元になった詩の中で死神が弾くのはヴァイオリン。シンフォニー版でもチューニングを変えたヴァイオリンがソロをとる。ちょっと妖し気で情景的なメロディとハーモニーがピアニストを惹きつけるのかしらン?
10分の休憩の間にお二人は衣装替え。後半は「愛と炎」がテーマとなるらしい。
まずはモーリッツ・モシュコフスキー作曲「春、5つのピアノ作品集 作品57」から『第5番 愛のワルツ』と「8つの性格的小品 作品36」から『第6番 火花』をあゆみさんのソロで。「ワルツ」はロマンティックに、「火花」はホロヴィッツあるいはアルカーディ・ヴォロドス風に技巧的。そのメリハリがピアニスティックで、それに応えてSteinwayが優雅に語り、奔放に歌う。

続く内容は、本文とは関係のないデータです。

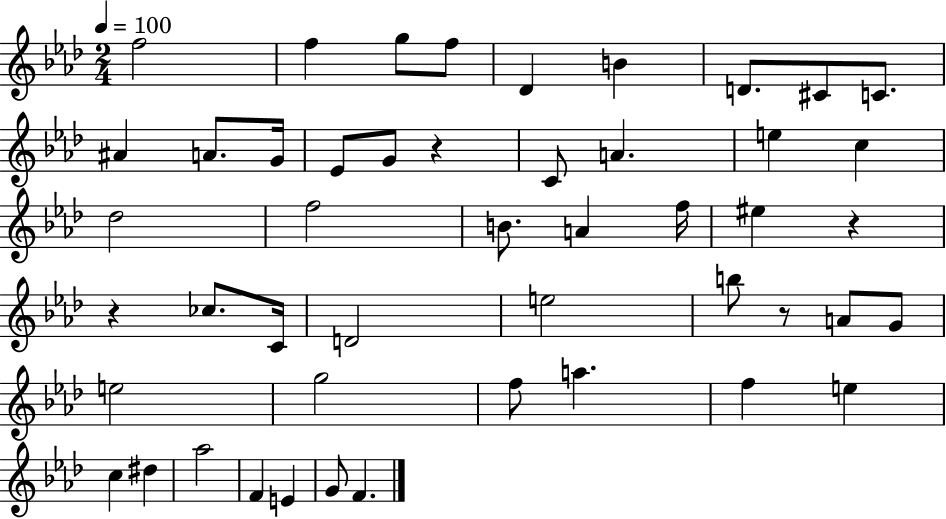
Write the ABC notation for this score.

X:1
T:Untitled
M:2/4
L:1/4
K:Ab
f2 f g/2 f/2 _D B D/2 ^C/2 C/2 ^A A/2 G/4 _E/2 G/2 z C/2 A e c _d2 f2 B/2 A f/4 ^e z z _c/2 C/4 D2 e2 b/2 z/2 A/2 G/2 e2 g2 f/2 a f e c ^d _a2 F E G/2 F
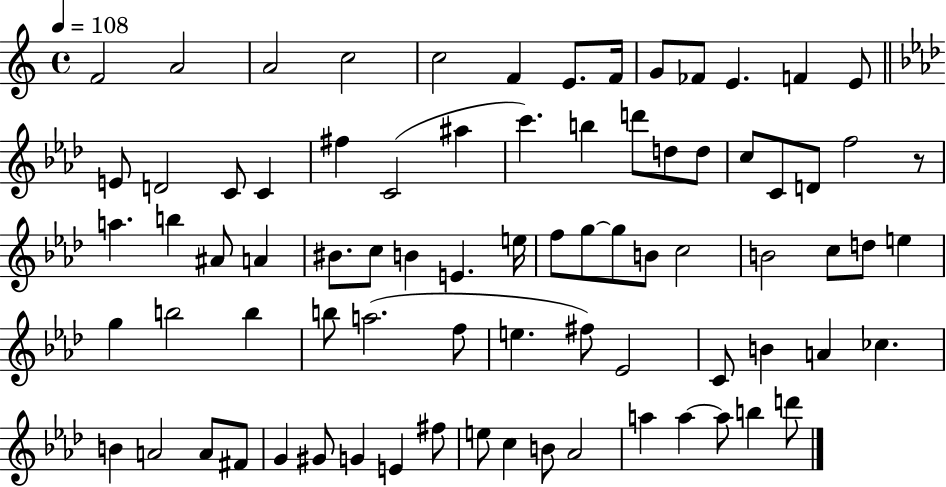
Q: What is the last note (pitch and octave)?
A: D6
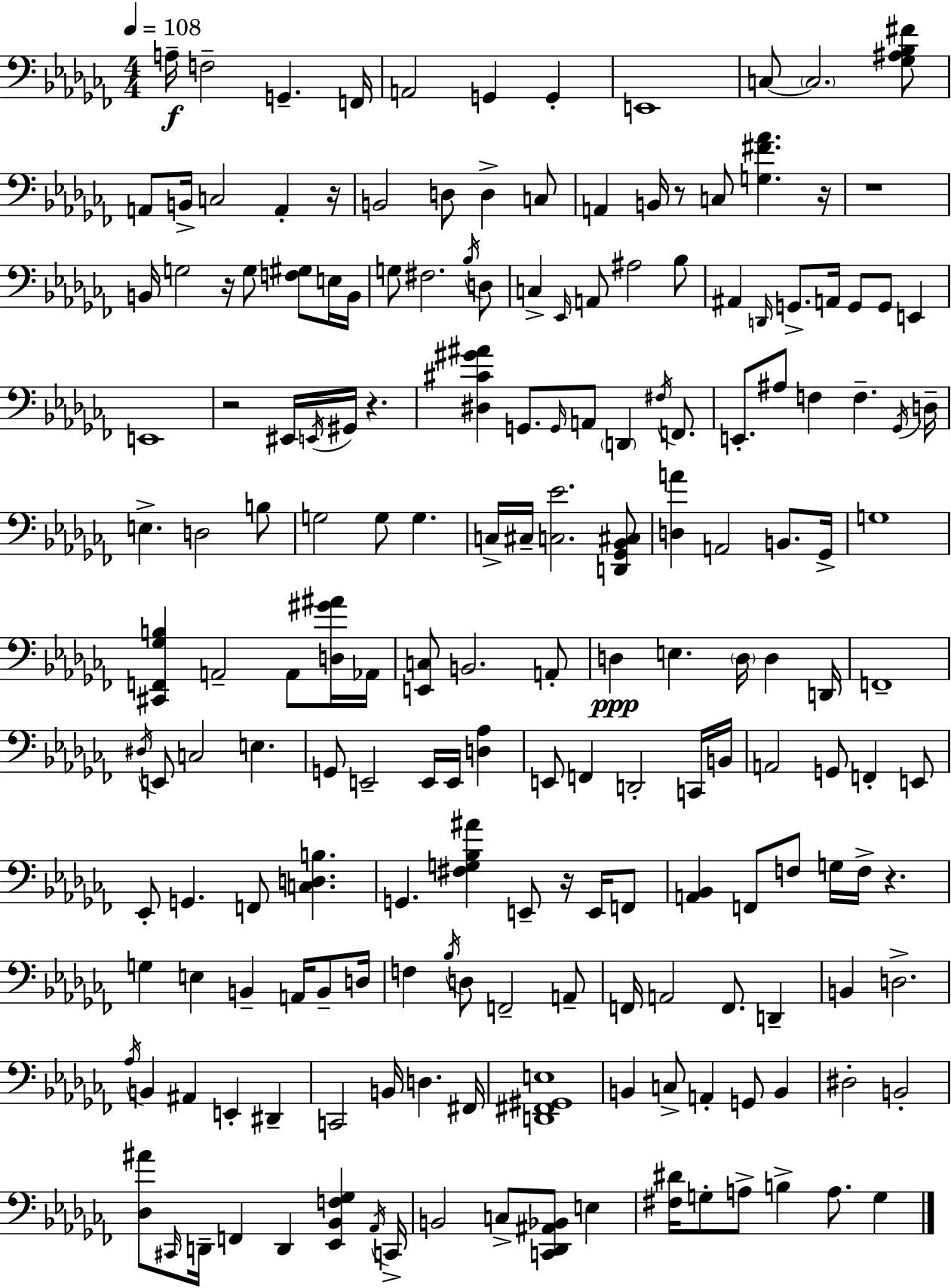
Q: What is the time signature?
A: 4/4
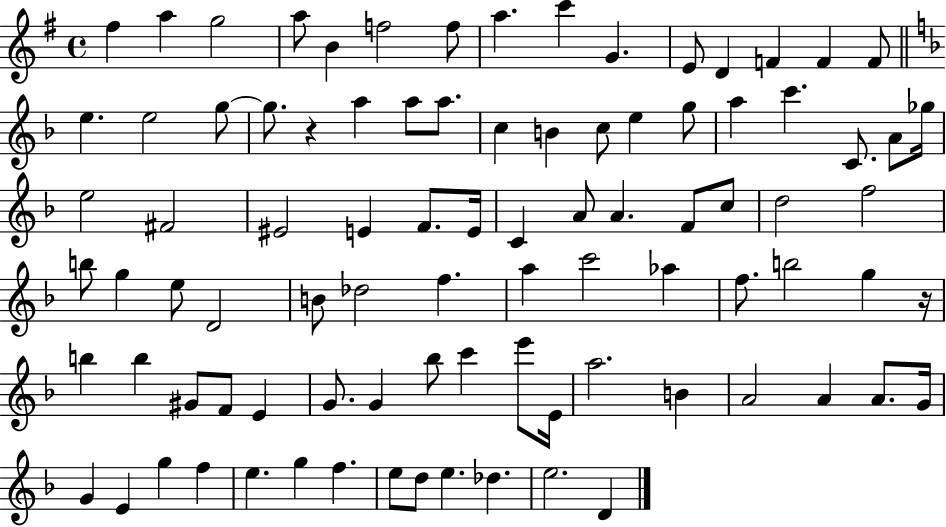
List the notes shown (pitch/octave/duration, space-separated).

F#5/q A5/q G5/h A5/e B4/q F5/h F5/e A5/q. C6/q G4/q. E4/e D4/q F4/q F4/q F4/e E5/q. E5/h G5/e G5/e. R/q A5/q A5/e A5/e. C5/q B4/q C5/e E5/q G5/e A5/q C6/q. C4/e. A4/e Gb5/s E5/h F#4/h EIS4/h E4/q F4/e. E4/s C4/q A4/e A4/q. F4/e C5/e D5/h F5/h B5/e G5/q E5/e D4/h B4/e Db5/h F5/q. A5/q C6/h Ab5/q F5/e. B5/h G5/q R/s B5/q B5/q G#4/e F4/e E4/q G4/e. G4/q Bb5/e C6/q E6/e E4/s A5/h. B4/q A4/h A4/q A4/e. G4/s G4/q E4/q G5/q F5/q E5/q. G5/q F5/q. E5/e D5/e E5/q. Db5/q. E5/h. D4/q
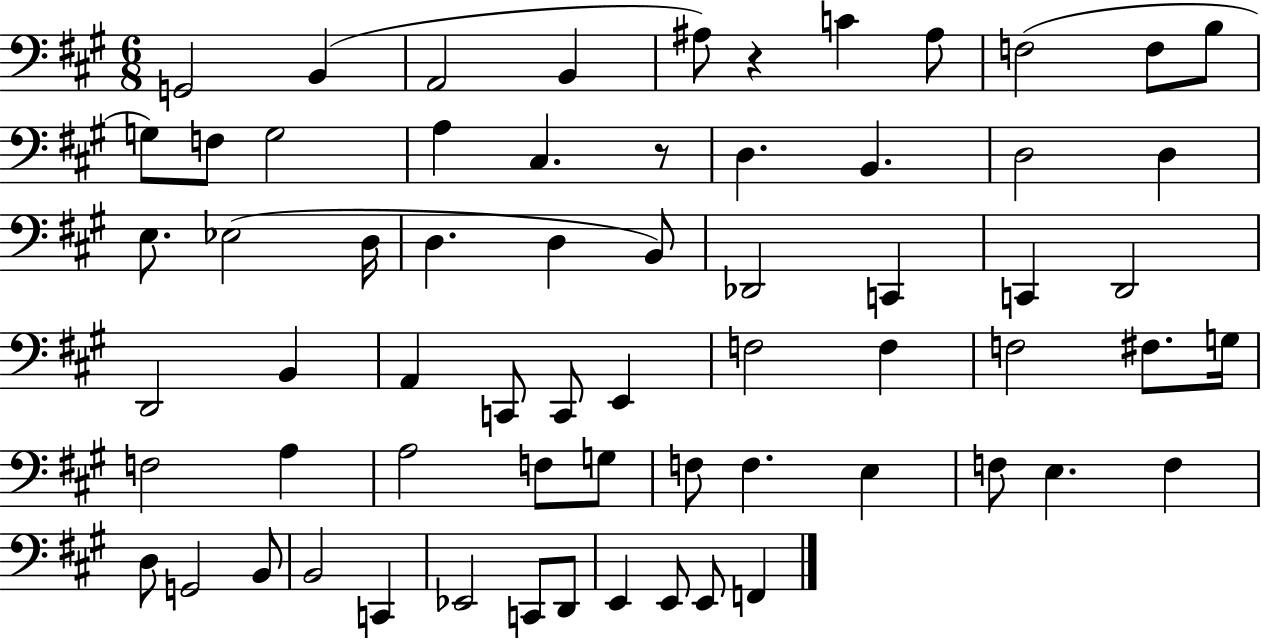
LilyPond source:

{
  \clef bass
  \numericTimeSignature
  \time 6/8
  \key a \major
  g,2 b,4( | a,2 b,4 | ais8) r4 c'4 ais8 | f2( f8 b8 | \break g8) f8 g2 | a4 cis4. r8 | d4. b,4. | d2 d4 | \break e8. ees2( d16 | d4. d4 b,8) | des,2 c,4 | c,4 d,2 | \break d,2 b,4 | a,4 c,8 c,8 e,4 | f2 f4 | f2 fis8. g16 | \break f2 a4 | a2 f8 g8 | f8 f4. e4 | f8 e4. f4 | \break d8 g,2 b,8 | b,2 c,4 | ees,2 c,8 d,8 | e,4 e,8 e,8 f,4 | \break \bar "|."
}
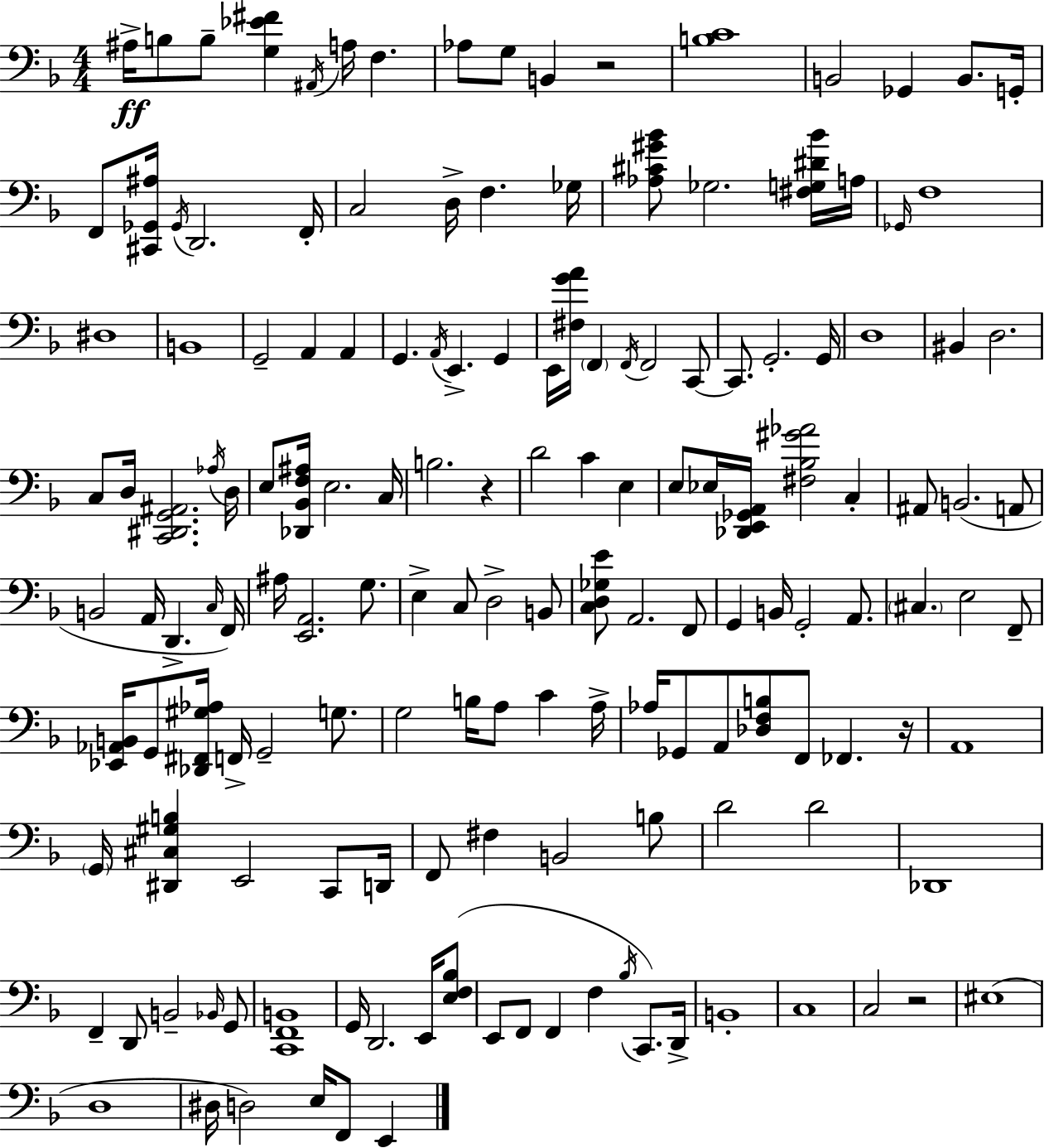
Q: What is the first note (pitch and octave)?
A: A#3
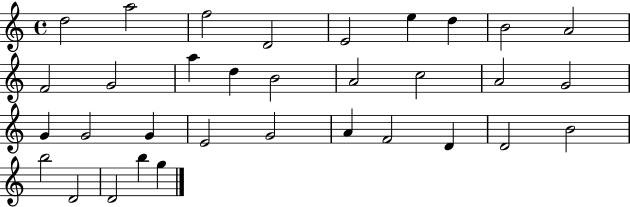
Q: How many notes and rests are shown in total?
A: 33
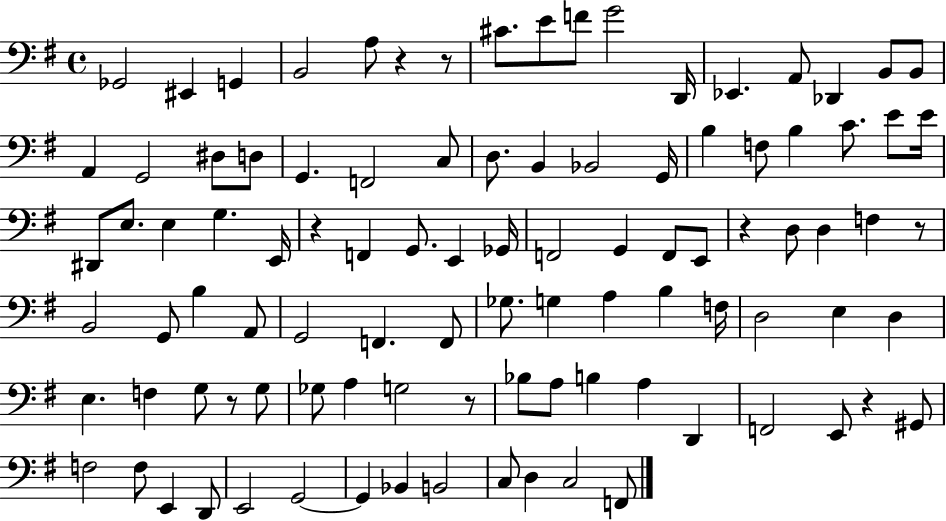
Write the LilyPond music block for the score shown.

{
  \clef bass
  \time 4/4
  \defaultTimeSignature
  \key g \major
  ges,2 eis,4 g,4 | b,2 a8 r4 r8 | cis'8. e'8 f'8 g'2 d,16 | ees,4. a,8 des,4 b,8 b,8 | \break a,4 g,2 dis8 d8 | g,4. f,2 c8 | d8. b,4 bes,2 g,16 | b4 f8 b4 c'8. e'8 e'16 | \break dis,8 e8. e4 g4. e,16 | r4 f,4 g,8. e,4 ges,16 | f,2 g,4 f,8 e,8 | r4 d8 d4 f4 r8 | \break b,2 g,8 b4 a,8 | g,2 f,4. f,8 | ges8. g4 a4 b4 f16 | d2 e4 d4 | \break e4. f4 g8 r8 g8 | ges8 a4 g2 r8 | bes8 a8 b4 a4 d,4 | f,2 e,8 r4 gis,8 | \break f2 f8 e,4 d,8 | e,2 g,2~~ | g,4 bes,4 b,2 | c8 d4 c2 f,8 | \break \bar "|."
}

変わって、雅敏さんのソロは、マルグリット・モノー「愛の讃歌」。エディット・ピアフが自ら作詞し、歌ったものをイタリア人作曲家でピアニストのロベルト・ピアナがピアノ独奏とした編曲での演奏。
開演前にゲネプロの音がロビーに漏れ聞こえてきた時はあゆみさんが弾いているのだと思っていたのだが・・・。メロウでスゥーティな味付けですな。
臨場感溢れるその演奏は圧巻ではあるのだけれど、華やかなはずのクリスマス・ファンタジーに『血の日曜日事件』というのも・・・(笑)。
エンターテインメント性の高い四手ピアノのコンサートでした。